Segment Start: ENTRIES SUPPLIED

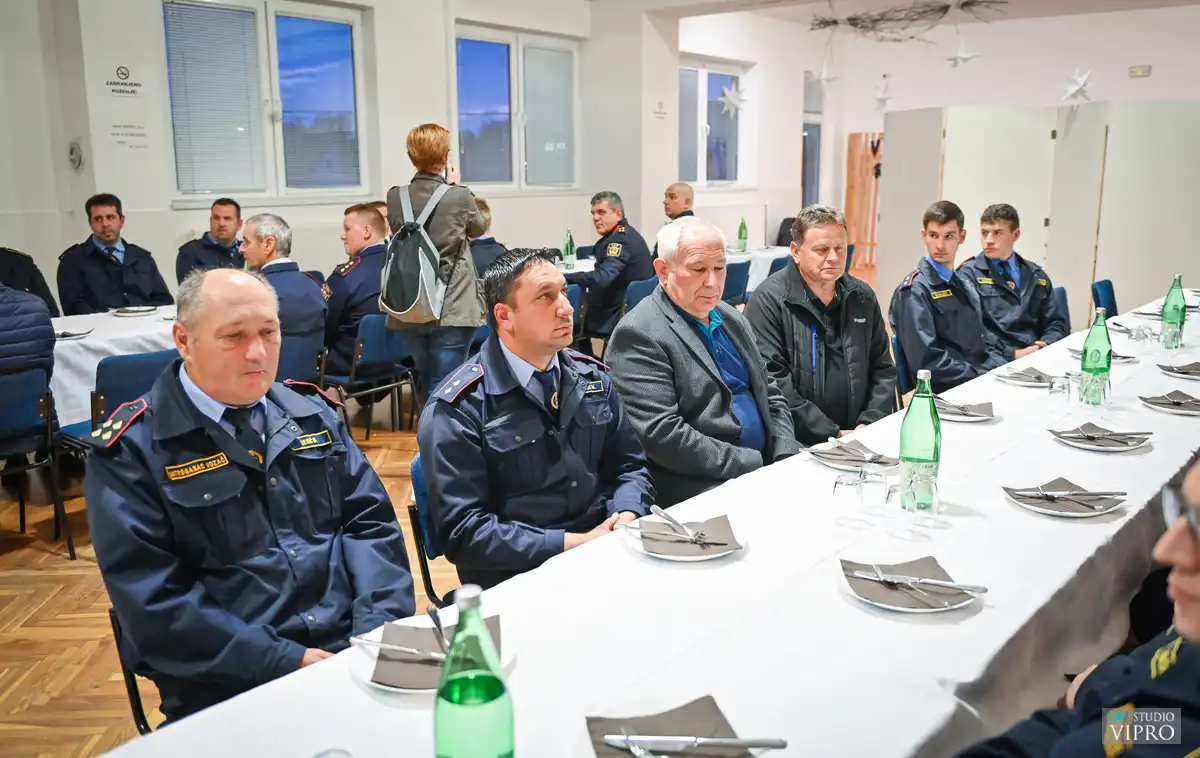 skupština, vzo prelog (16) skupština, vzo prelog (16)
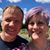 Suzette Fontaine Lempitsky's profile image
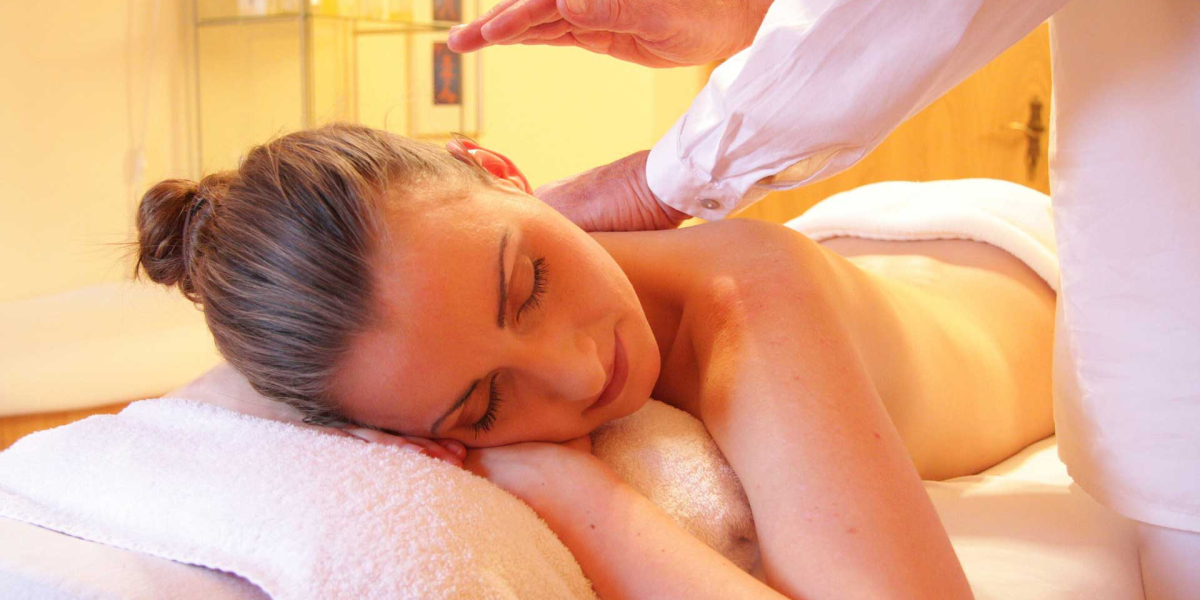 Swedish Massage Near Me and Same Day Massage Near Me: The Complete Guide to Relaxation and Wellness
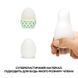 Мастурбатор-яйце Tenga Egg Stud SO5495 фото 4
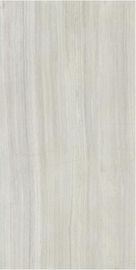Große keramische Bodenfliesen helles Grey Rustic Indoor Porcelain Tiles 900*1800mm keramisch für Wand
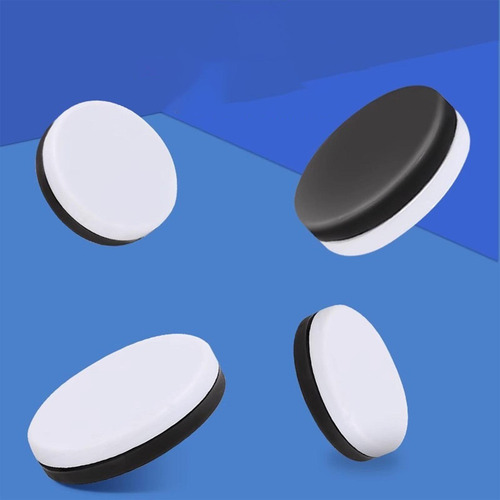 Cnn Fiestas Del Juego Mesa Estrategia Reversi Juego Reversi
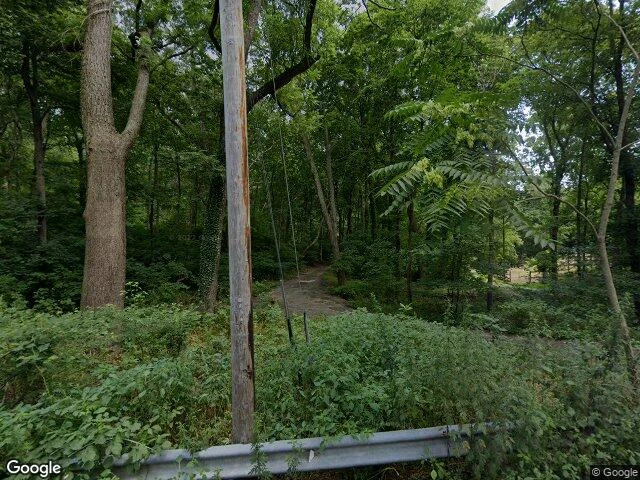 House image located at Huntington, NY 11743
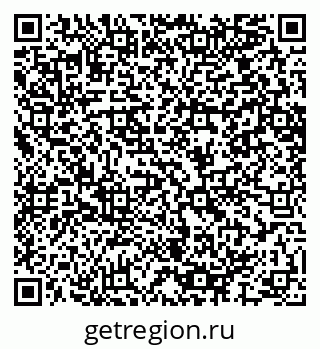 79064657788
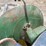 john-deere-mt-image-46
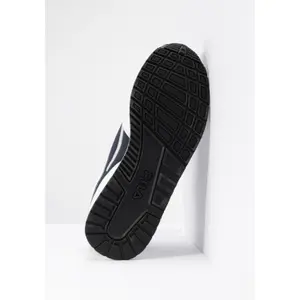 Zapatillas para correr Fila Soulrunner L image-4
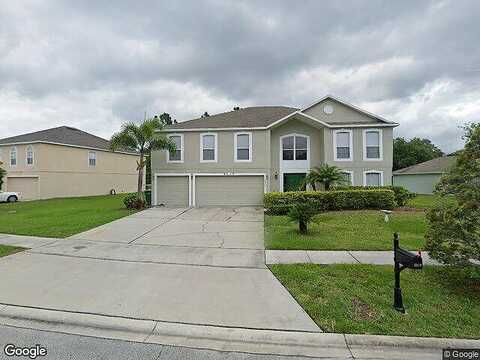 Hely Cate, KISSIMMEE, FL 34744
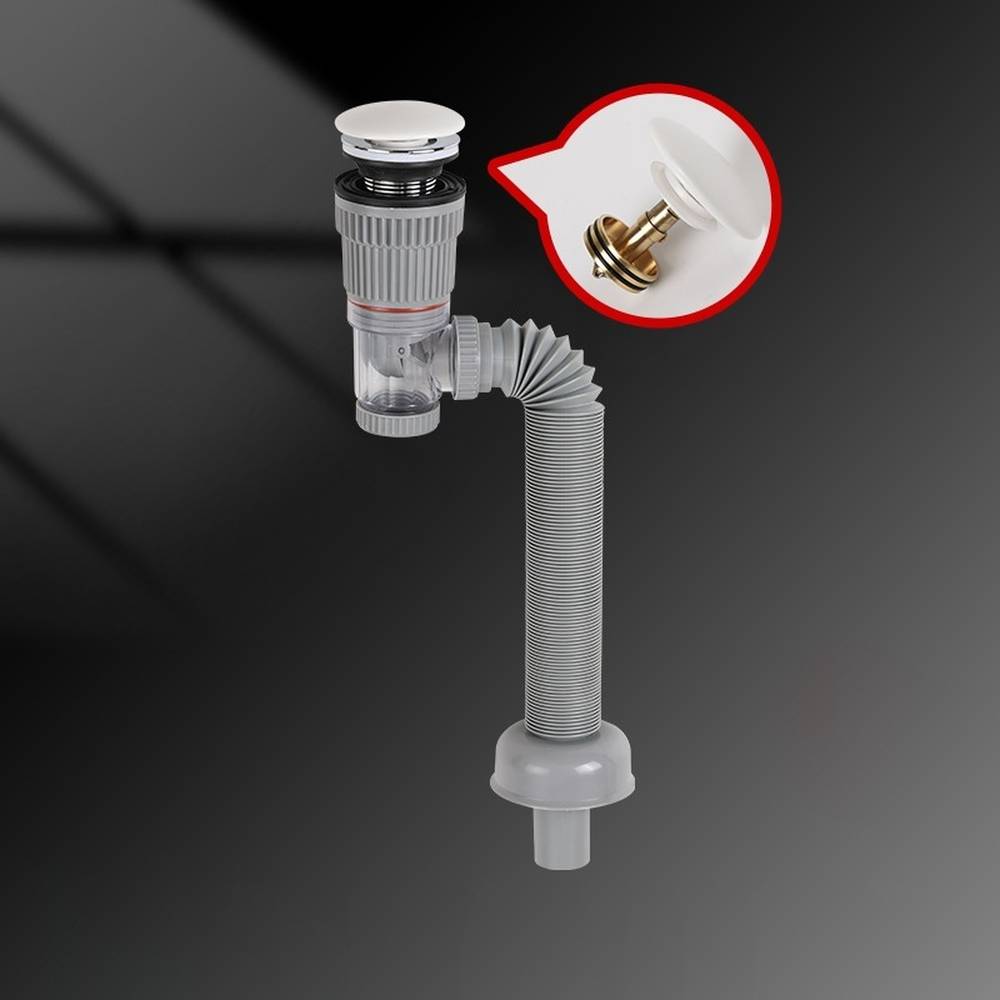 bo-xa-lavabo-ruot-ga-mau-moi-tien-loi-linh-hoat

Segment End: ENTRIES SUPPLIED

▶ _ASSIGNMENT_
Please retype all of the material exactly, skipping whatever images it holds.

▶ _ANSWER BOX_
 skupština, vzo prelog (16) skupština, vzo prelog (16)
 Suzette Fontaine Lempitsky's profile image
 Swedish Massage Near Me and Same Day Massage Near Me: The Complete Guide to Relaxation and Wellness
 Мастурбатор-яйце Tenga Egg Stud SO5495 фото 4
Große keramische Bodenfliesen helles Grey Rustic Indoor Porcelain Tiles 900*1800mm keramisch für Wand
 Cnn Fiestas Del Juego Mesa Estrategia Reversi Juego Reversi
 House image located at Huntington, NY 11743
 79064657788
 john-deere-mt-image-46
 Zapatillas para correr Fila Soulrunner L image-4
 Hely Cate, KISSIMMEE, FL 34744
 bo-xa-lavabo-ruot-ga-mau-moi-tien-loi-linh-hoat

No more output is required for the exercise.